** Provided data **
──────────────────────────────
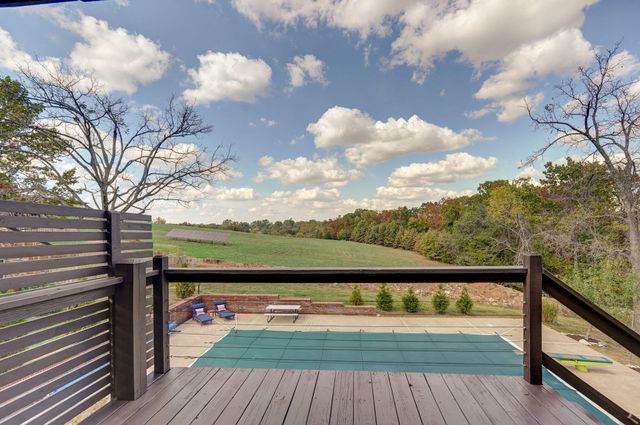 1100 E Robertson Street, Ozark, MO 65721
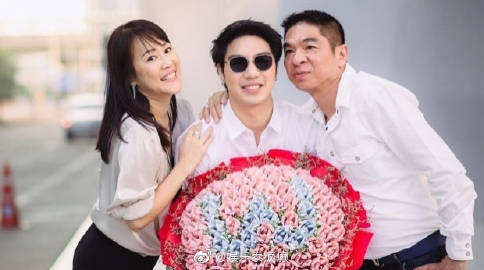 White Nawat记者会还原父母被殴打经过 称将提告对方并指收到威胁短信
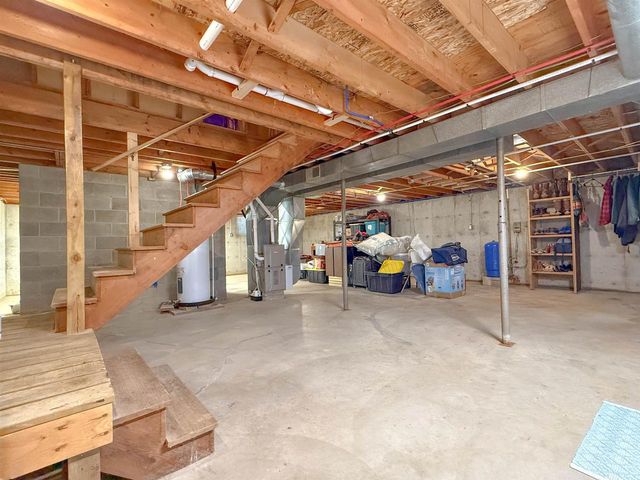 N6698 STATE HIGHWAY 180, Marinette, WI 54143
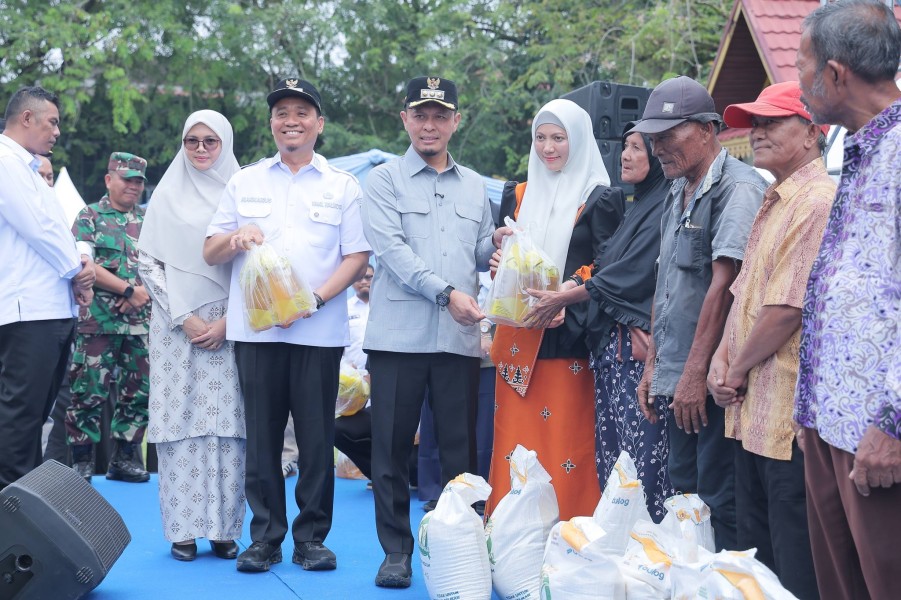 Wako Pekanbaru Salurkan Bantuan Pangan ke Ribuan Warga di Senapelan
──────────────────────────────
** Task statement **
Only the lines from the one with "White Nawat记者会还原父母被殴打经过 称将提告对方并指收到威胁短信" through the final line of the data should be written out, exactly and including both ends. Skip the pictures.

** Reply **
 White Nawat记者会还原父母被殴打经过 称将提告对方并指收到威胁短信
 N6698 STATE HIGHWAY 180, Marinette, WI 54143
 Wako Pekanbaru Salurkan Bantuan Pangan ke Ribuan Warga di Senapelan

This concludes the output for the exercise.